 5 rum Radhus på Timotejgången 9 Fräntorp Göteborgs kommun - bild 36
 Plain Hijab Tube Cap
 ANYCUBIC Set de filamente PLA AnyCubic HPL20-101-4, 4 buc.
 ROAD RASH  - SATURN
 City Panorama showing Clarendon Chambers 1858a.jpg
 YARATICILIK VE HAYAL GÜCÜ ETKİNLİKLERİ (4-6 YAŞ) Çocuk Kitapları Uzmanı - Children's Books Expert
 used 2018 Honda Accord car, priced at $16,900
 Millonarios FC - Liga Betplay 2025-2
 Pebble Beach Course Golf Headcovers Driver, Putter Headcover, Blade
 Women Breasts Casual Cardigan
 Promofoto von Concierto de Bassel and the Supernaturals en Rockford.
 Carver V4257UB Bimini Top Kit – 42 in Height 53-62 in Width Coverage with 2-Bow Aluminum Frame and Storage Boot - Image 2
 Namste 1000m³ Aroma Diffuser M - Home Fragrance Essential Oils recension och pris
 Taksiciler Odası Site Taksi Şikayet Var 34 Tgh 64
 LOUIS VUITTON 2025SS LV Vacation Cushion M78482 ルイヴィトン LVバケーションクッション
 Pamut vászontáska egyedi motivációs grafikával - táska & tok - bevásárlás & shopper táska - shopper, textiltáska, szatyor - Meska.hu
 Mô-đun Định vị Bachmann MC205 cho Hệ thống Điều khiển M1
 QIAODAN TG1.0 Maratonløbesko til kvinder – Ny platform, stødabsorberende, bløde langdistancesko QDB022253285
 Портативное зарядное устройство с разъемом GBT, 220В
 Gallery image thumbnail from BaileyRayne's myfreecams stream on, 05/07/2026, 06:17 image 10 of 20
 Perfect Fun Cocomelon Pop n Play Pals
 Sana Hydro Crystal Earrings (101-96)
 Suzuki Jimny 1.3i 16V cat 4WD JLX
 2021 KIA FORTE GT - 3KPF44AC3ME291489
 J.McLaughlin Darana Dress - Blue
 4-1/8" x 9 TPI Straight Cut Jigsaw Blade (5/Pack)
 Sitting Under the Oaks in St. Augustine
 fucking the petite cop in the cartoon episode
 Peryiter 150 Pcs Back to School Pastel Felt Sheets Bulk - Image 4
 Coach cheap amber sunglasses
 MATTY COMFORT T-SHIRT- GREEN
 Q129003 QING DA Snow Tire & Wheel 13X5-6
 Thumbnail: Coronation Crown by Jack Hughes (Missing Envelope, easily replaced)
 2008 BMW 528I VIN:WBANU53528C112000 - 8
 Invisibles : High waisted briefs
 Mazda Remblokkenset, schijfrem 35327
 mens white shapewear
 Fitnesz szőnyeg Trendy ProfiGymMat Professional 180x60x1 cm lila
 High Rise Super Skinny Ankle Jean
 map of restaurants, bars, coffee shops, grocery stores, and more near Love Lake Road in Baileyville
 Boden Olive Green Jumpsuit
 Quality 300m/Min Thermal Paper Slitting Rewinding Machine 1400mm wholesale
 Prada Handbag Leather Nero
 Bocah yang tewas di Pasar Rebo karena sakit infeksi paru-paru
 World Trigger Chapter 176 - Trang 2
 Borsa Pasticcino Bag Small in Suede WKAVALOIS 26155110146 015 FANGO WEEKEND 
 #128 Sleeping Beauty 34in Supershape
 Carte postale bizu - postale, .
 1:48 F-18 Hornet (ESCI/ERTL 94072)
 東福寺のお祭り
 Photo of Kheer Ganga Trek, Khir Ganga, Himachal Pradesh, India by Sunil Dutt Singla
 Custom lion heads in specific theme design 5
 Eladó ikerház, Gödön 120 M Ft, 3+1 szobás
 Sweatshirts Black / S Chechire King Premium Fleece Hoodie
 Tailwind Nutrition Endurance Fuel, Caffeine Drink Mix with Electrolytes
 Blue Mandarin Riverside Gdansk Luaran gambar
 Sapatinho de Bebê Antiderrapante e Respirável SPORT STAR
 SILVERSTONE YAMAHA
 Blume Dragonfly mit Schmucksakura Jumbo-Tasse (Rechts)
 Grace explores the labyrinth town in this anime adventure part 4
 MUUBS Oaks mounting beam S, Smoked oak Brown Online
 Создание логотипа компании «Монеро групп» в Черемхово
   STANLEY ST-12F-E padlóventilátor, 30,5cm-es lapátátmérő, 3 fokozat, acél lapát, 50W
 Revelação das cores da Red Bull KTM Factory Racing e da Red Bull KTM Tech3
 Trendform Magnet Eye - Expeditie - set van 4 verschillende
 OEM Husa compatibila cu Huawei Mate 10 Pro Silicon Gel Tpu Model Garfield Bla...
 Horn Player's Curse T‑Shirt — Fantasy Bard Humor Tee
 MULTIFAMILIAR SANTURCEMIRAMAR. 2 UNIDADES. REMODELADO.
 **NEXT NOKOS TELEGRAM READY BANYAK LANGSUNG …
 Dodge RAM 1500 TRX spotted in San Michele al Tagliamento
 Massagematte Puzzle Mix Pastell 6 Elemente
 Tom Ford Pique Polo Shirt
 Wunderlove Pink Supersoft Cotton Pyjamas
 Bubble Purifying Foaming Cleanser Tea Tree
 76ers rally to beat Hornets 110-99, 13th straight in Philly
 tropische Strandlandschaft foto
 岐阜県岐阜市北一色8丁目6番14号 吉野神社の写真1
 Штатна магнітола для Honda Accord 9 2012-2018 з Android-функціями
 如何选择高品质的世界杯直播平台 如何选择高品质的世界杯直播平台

- _YOUR TASK_
Above are the entries. Quote exactly the lines from the one bearing "2021 KIA FORTE GT - 3KPF44AC3ME291489" through the one bearing "OEM Husa compatibila".

- _TASK ANSWER_
 2021 KIA FORTE GT - 3KPF44AC3ME291489
 J.McLaughlin Darana Dress - Blue
 4-1/8" x 9 TPI Straight Cut Jigsaw Blade (5/Pack)
 Sitting Under the Oaks in St. Augustine
 fucking the petite cop in the cartoon episode
 Peryiter 150 Pcs Back to School Pastel Felt Sheets Bulk - Image 4
 Coach cheap amber sunglasses
 MATTY COMFORT T-SHIRT- GREEN
 Q129003 QING DA Snow Tire & Wheel 13X5-6
 Thumbnail: Coronation Crown by Jack Hughes (Missing Envelope, easily replaced)
 2008 BMW 528I VIN:WBANU53528C112000 - 8
 Invisibles : High waisted briefs
 Mazda Remblokkenset, schijfrem 35327
 mens white shapewear
 Fitnesz szőnyeg Trendy ProfiGymMat Professional 180x60x1 cm lila
 High Rise Super Skinny Ankle Jean
 map of restaurants, bars, coffee shops, grocery stores, and more near Love Lake Road in Baileyville
 Boden Olive Green Jumpsuit
 Quality 300m/Min Thermal Paper Slitting Rewinding Machine 1400mm wholesale
 Prada Handbag Leather Nero
 Bocah yang tewas di Pasar Rebo karena sakit infeksi paru-paru
 World Trigger Chapter 176 - Trang 2
 Borsa Pasticcino Bag Small in Suede WKAVALOIS 26155110146 015 FANGO WEEKEND 
 #128 Sleeping Beauty 34in Supershape
 Carte postale bizu - postale, .
 1:48 F-18 Hornet (ESCI/ERTL 94072)
 東福寺のお祭り
 Photo of Kheer Ganga Trek, Khir Ganga, Himachal Pradesh, India by Sunil Dutt Singla
 Custom lion heads in specific theme design 5
 Eladó ikerház, Gödön 120 M Ft, 3+1 szobás
 Sweatshirts Black / S Chechire King Premium Fleece Hoodie
 Tailwind Nutrition Endurance Fuel, Caffeine Drink Mix with Electrolytes
 Blue Mandarin Riverside Gdansk Luaran gambar
 Sapatinho de Bebê Antiderrapante e Respirável SPORT STAR
 SILVERSTONE YAMAHA
 Blume Dragonfly mit Schmucksakura Jumbo-Tasse (Rechts)
 Grace explores the labyrinth town in this anime adventure part 4
 MUUBS Oaks mounting beam S, Smoked oak Brown Online
 Создание логотипа компании «Монеро групп» в Черемхово
   STANLEY ST-12F-E padlóventilátor, 30,5cm-es lapátátmérő, 3 fokozat, acél lapát, 50W
 Revelação das cores da Red Bull KTM Factory Racing e da Red Bull KTM Tech3
 Trendform Magnet Eye - Expeditie - set van 4 verschillende
 OEM Husa compatibila cu Huawei Mate 10 Pro Silicon Gel Tpu Model Garfield Bla...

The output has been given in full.